Stored data:
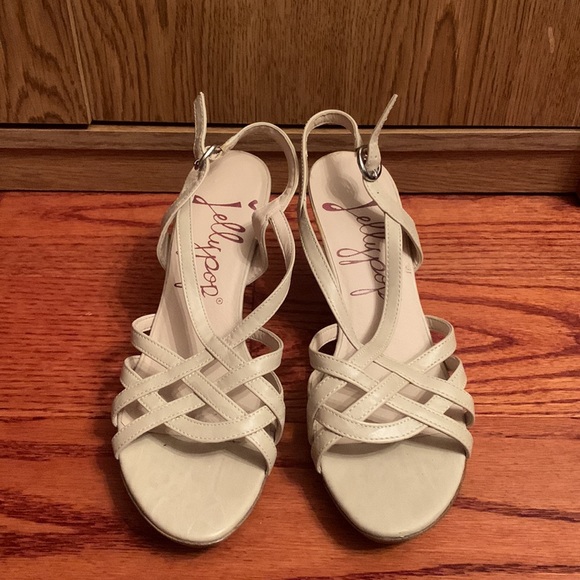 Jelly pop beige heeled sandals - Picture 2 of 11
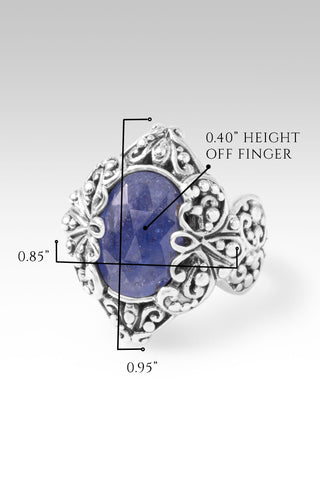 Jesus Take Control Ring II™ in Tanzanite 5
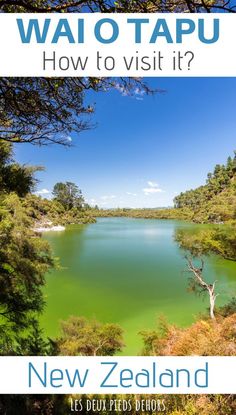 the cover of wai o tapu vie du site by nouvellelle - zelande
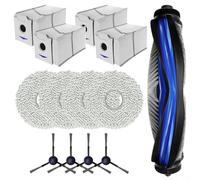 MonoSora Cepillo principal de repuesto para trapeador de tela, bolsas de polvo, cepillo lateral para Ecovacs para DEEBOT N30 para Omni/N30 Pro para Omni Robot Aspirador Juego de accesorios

Problem statement: Leaving the pictures aside, transcribe only the lines from the one containing "the cover of" to the final line of the listing above, inclusive, exactly as they appear.

Task response:
 the cover of wai o tapu vie du site by nouvellelle - zelande
 MonoSora Cepillo principal de repuesto para trapeador de tela, bolsas de polvo, cepillo lateral para Ecovacs para DEEBOT N30 para Omni/N30 Pro para Omni Robot Aspirador Juego de accesorios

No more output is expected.